** REQUIRED WORK **
Leave out the pictures and output exactly the lines below from the one with "3 PCS/Set White" down to the one with "ワディジ島、ママヌカ諸島、フィジー ジグソーパズル (縦)", both of them included.

Pictures with short captions
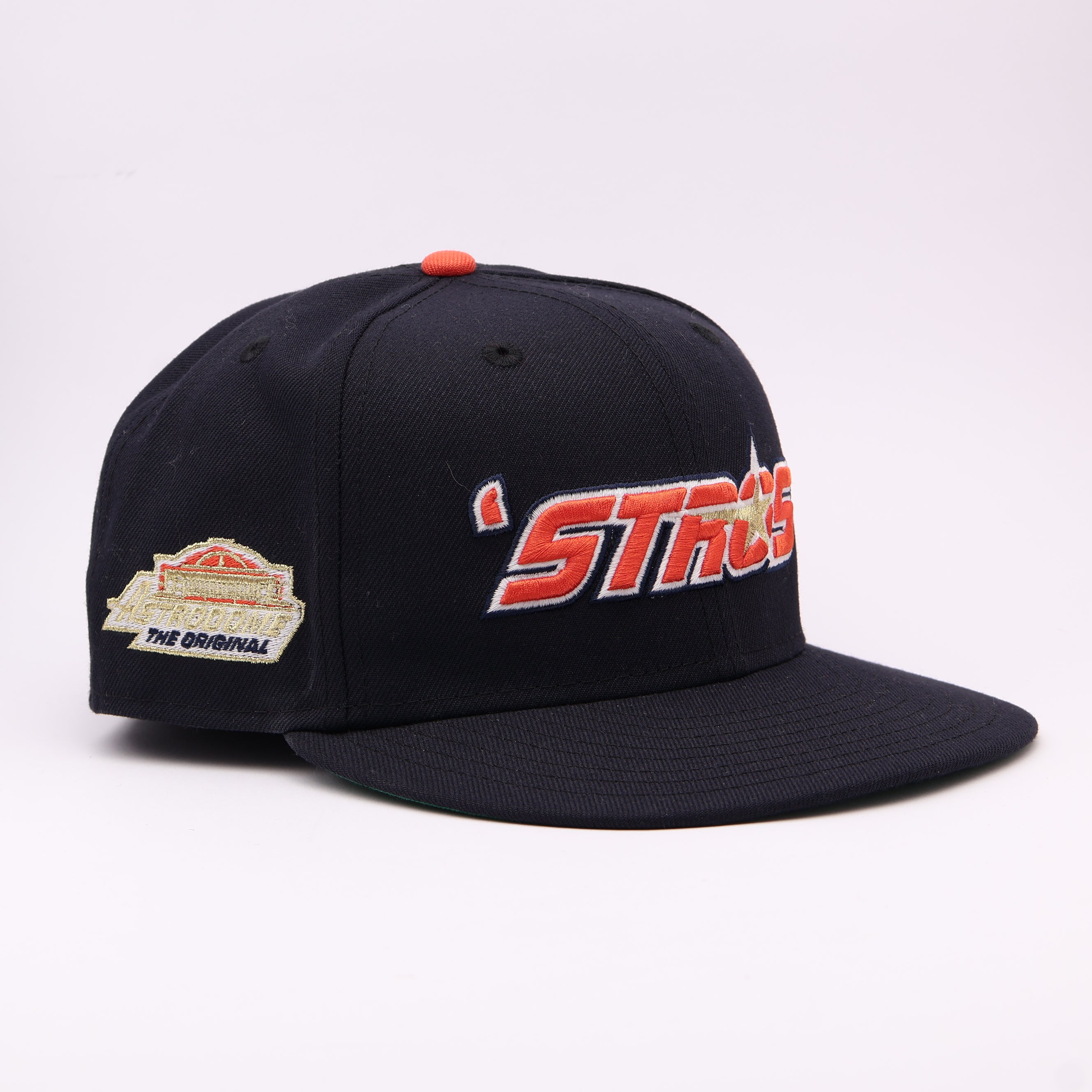 USED 8 Navy Houston Astros Astrodome The Original 59fifty New Era Fitted Hat Cap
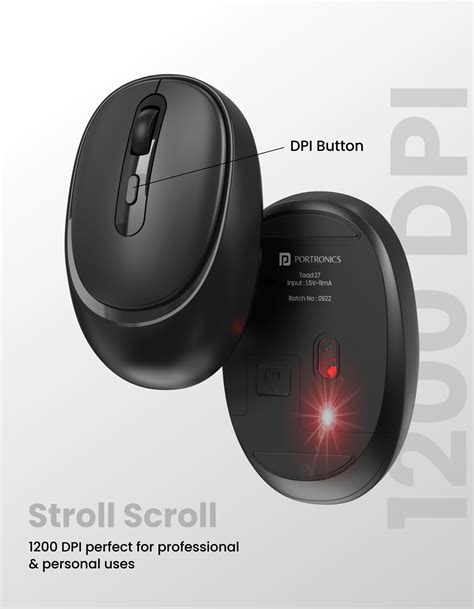 Buy Portronics Toad 27 Best Wireless Mouse 24 Ghz With Usb Dongle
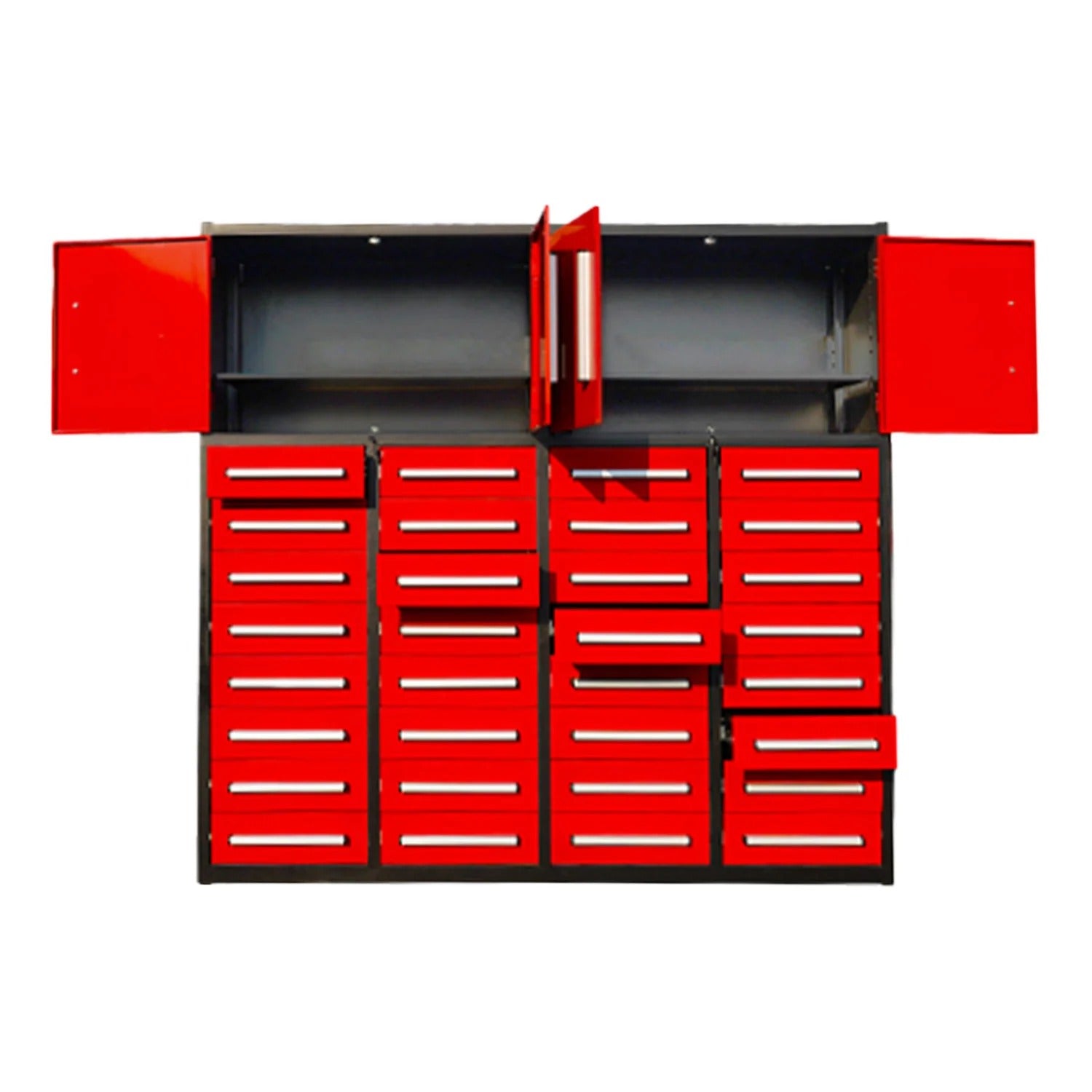 Chery Industrial 7ft Garage Storage Cabinet (32 Drawers & 2 Cabinets) - WW000210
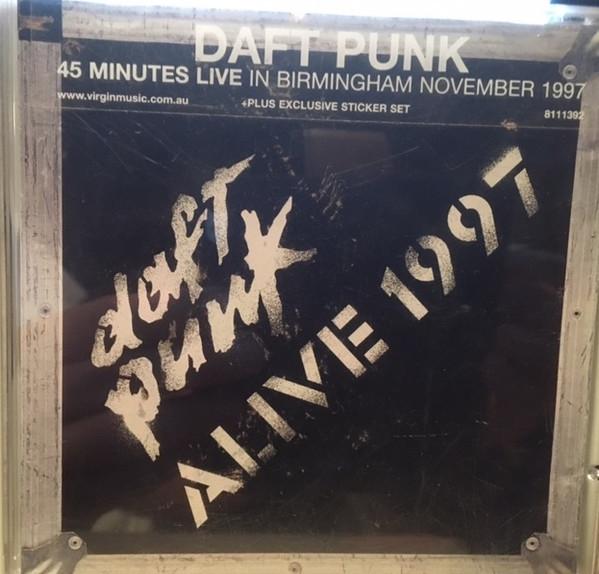 

CD DAFT PUNK Alive 1997 CDV2952 Virgin 2001 Australia Dance Electronica Used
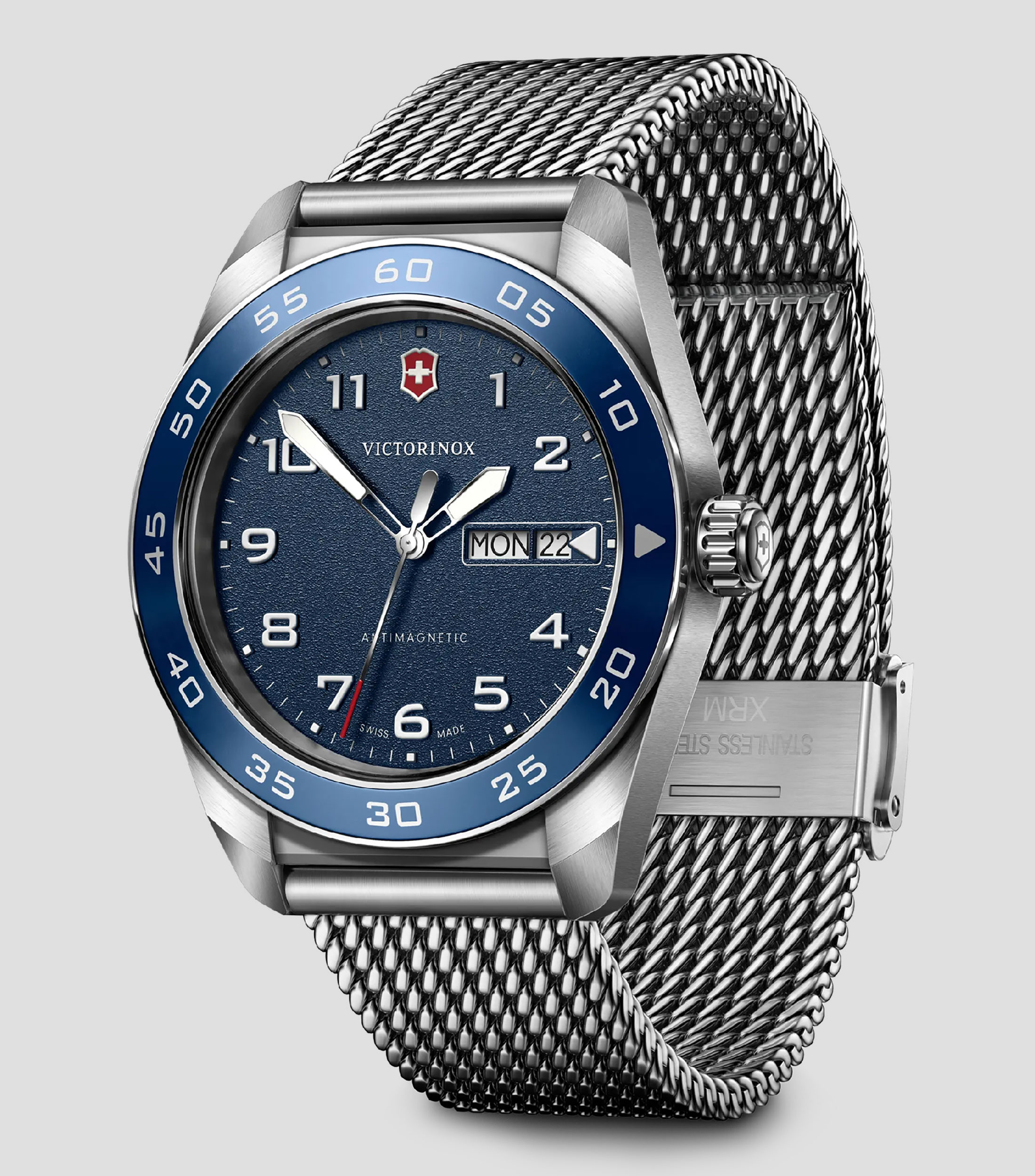 Reloj para Hombre Swiss Army Casual Plateado, Azul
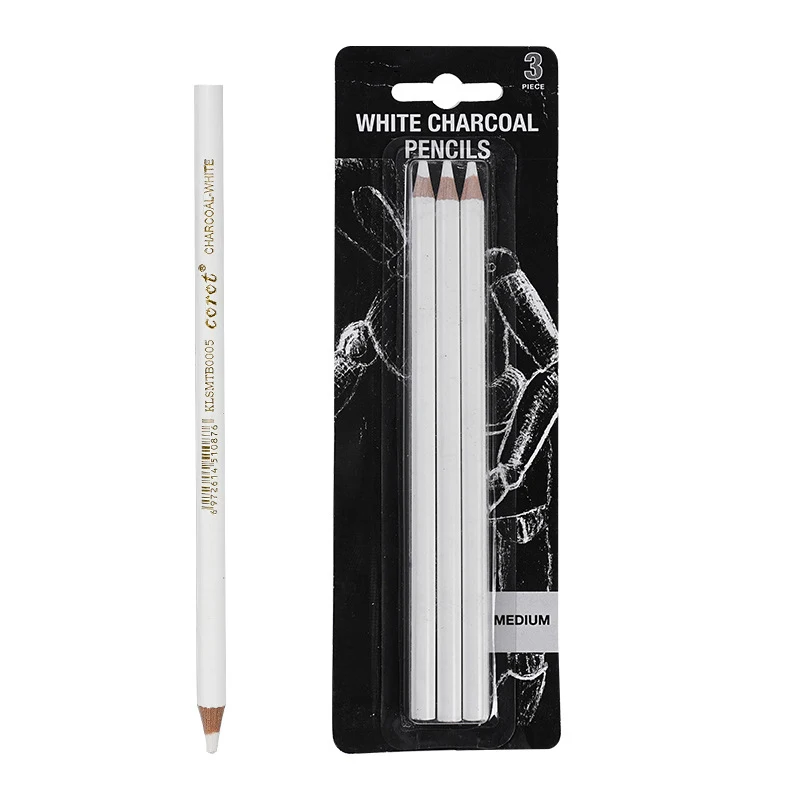 3 PCS/Set White Graphite Pencil Set Professional Sketching Pencils Set Art School supplies Student Stationery professional drawing sketching pencil set 12pcs graphite ideal for drawing art sketching shading pencils for beginners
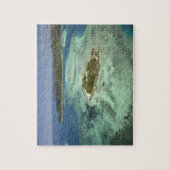 ワディジ島、ママヌカ諸島、フィジー ジグソーパズル (縦)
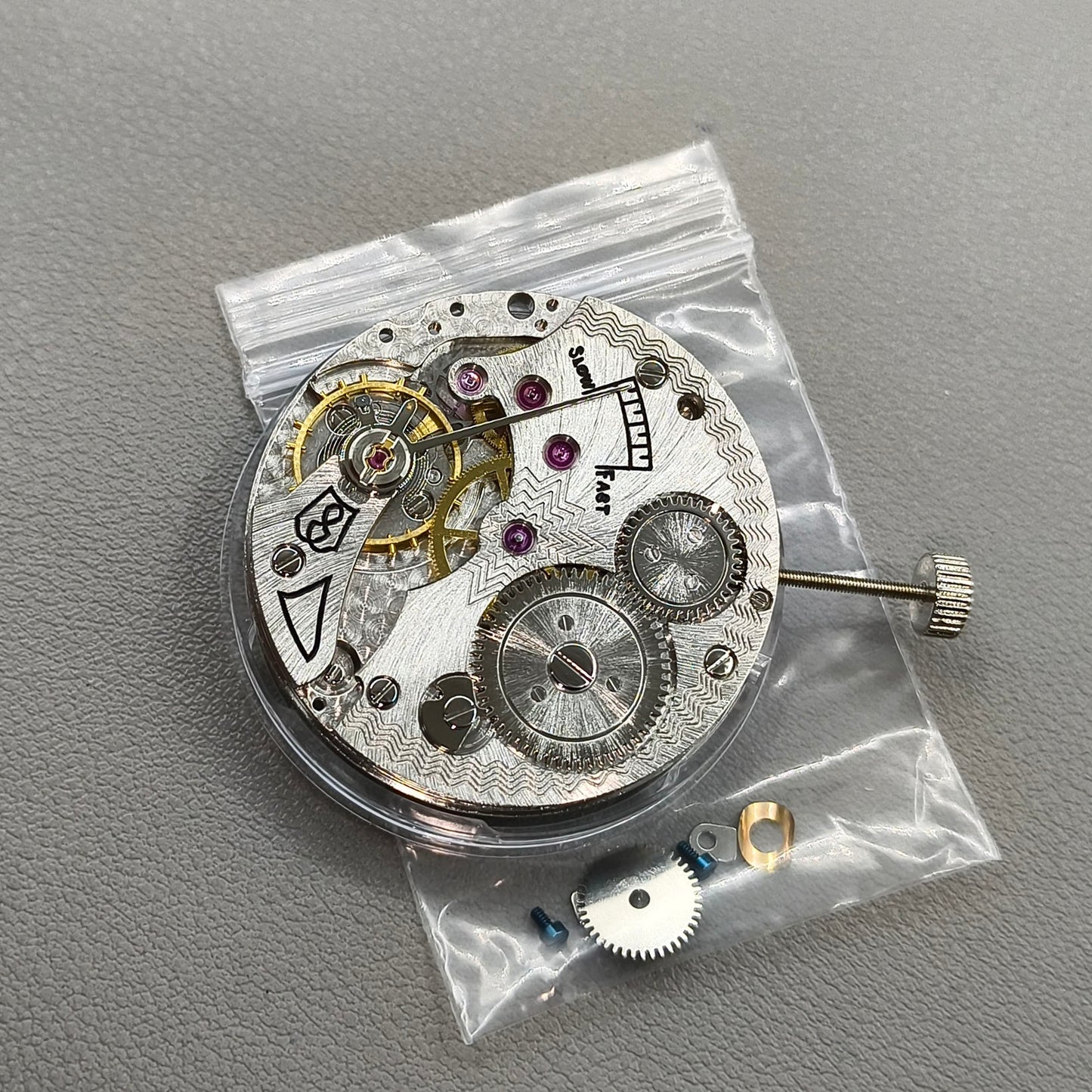 Seagull ST3621 Mechanical Movement Replacement ETA 6498 Movement Second@6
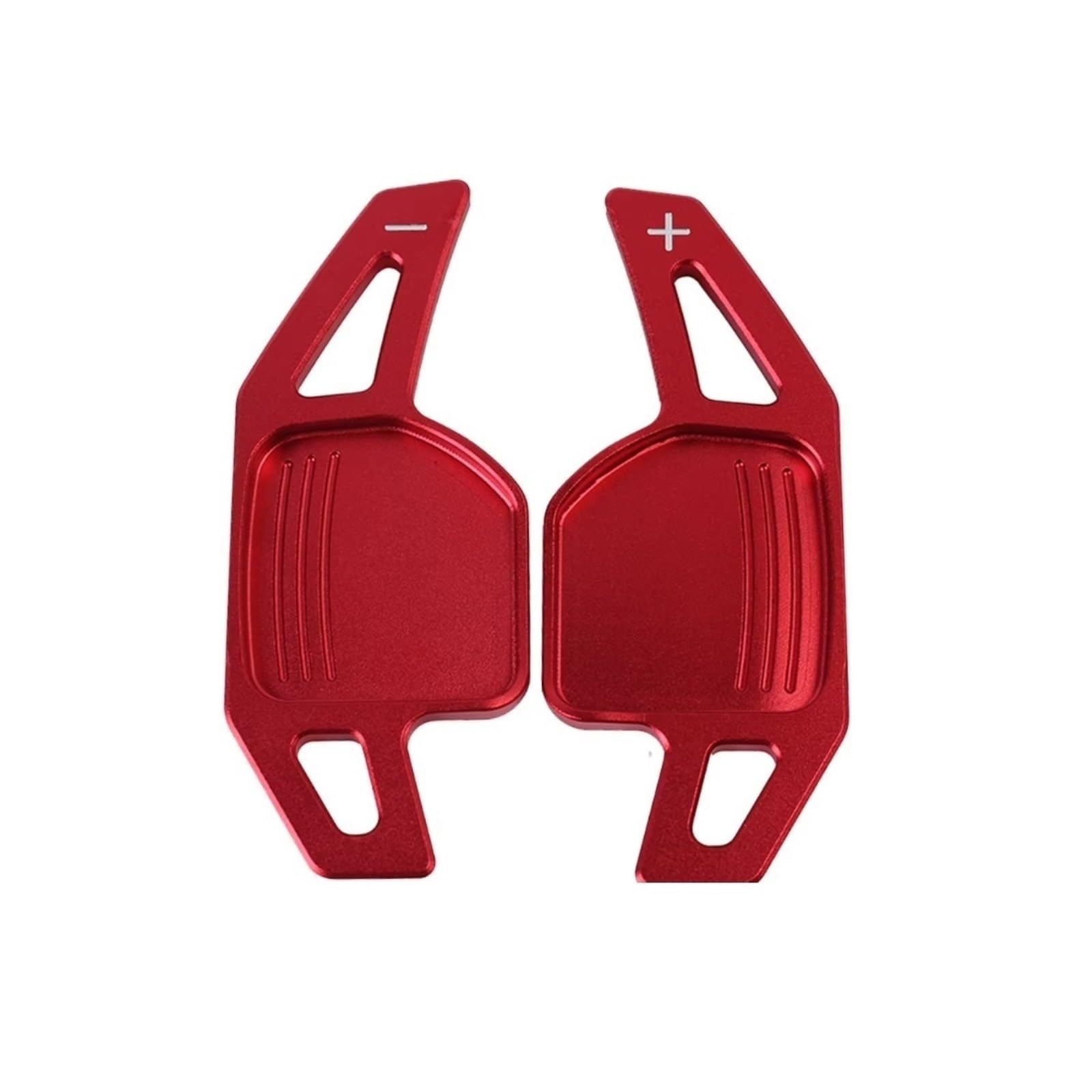 Xdetgok Red Paddle Shifters Compatible With Q5 For Q7 For R8 2012 2013 2014 2015 2016 Car Steering Wheel Paddle Shifter Extension Paddles Decoration(Red)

** EXERCISE SOLUTION **
 3 PCS/Set White Graphite Pencil Set Professional Sketching Pencils Set Art School supplies Student Stationery professional drawing sketching pencil set 12pcs graphite ideal for drawing art sketching shading pencils for beginners
 ワディジ島、ママヌカ諸島、フィジー ジグソーパズル (縦)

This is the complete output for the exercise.